If an American family can hang together with proper parental care while being poor, the children will be fine, maybe even better off than kids whose parents are rich but not caring or nurturing people. But you don’t see too many poor families with awesome parents. Why that is true is simple. Families are very often poor because one or both parents aren’t remarkable. Bad choices have been made. This is a broad statement not intended to claim all poor families consist of bad parents. Not at all!  It’s just that a large percentage of poor families don’t have both parents engaged in good parenting and, possibly, not even living in the home. The poverty rate for married couples in 2016 was only 5.1% - but the poverty rate for single-parent families with no wife present was 13.1%, and for single-parent families with no husband present was 26.6%.
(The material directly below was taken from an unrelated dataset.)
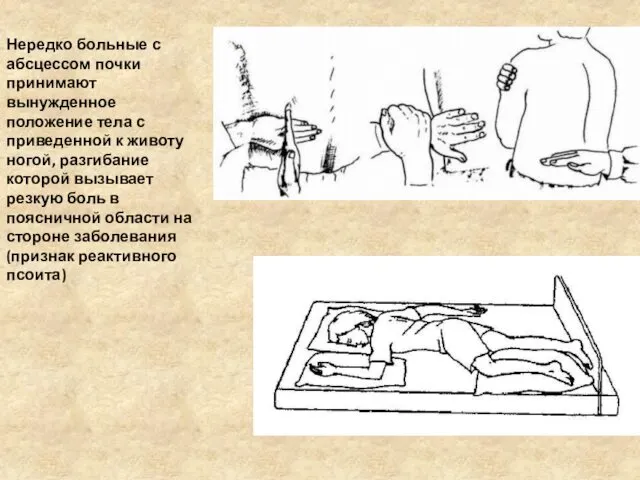 Нередко больные с абсцессом почки принимают вынужденное положение тела с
I don’t have many complaints about being poor as a kid. I never starved although I often ate mayonnaise sandwiches lacking any meat. I got an education -- as wackadoodle as it was! The fact my family was poor is because my dad didn’t take care of us even though he was capable of making good money. Yes, being poor made it necessary for us to be itinerant, causing much disruption in our lives. But the blame doesn’t lie with a lack of money since being both poor and itinerant were the result of inept parenting - an irresponsible father and an undereducated mother who was required to work her ass off just to feed us. But that wasn’t an excuse to give up on ourselves – because we had alternatives.

Reasons and Excuses

I make excuses all the time, more than I should. I make them because I had better choices and didn’t take them. And certainly we often use the word reason when we actually mean excuse without trying to be deceitful. Here I am highlighting the decisions and excuses that determine the direction of our lives. Life moves forward with decisions directed by reason and reasons. Life is held back by bad choices and excuses.
The fact my life, and those of my siblings, started with obstacles was beyond our control. But to call that fact a reason to wallow in that lifestyle forever would be inaccurate. It indeed was not a ‘call for action” to be poor. As we grew older and had alternatives, then the burden of our future was on each of us. To not take those positive alternatives and run with them would allow our circumstance to remain as it had always been. From there on, to remain poor or itinerant would only be an excuse.

Summary

We were disadvantaged in our youth - not for a reason, but for excuses. Quitting school is a decision. Not getting help for alcoholism is a decision. Having a baby in your teens is a decision. A father not supporting his family is a decision. When bad decisions are made, and you are poor as a result -- you only have excuses. There are not many real reasons for being poor in America.  Most of us escaped our disadvantaged situations with reasons to escape, not excuses to remain.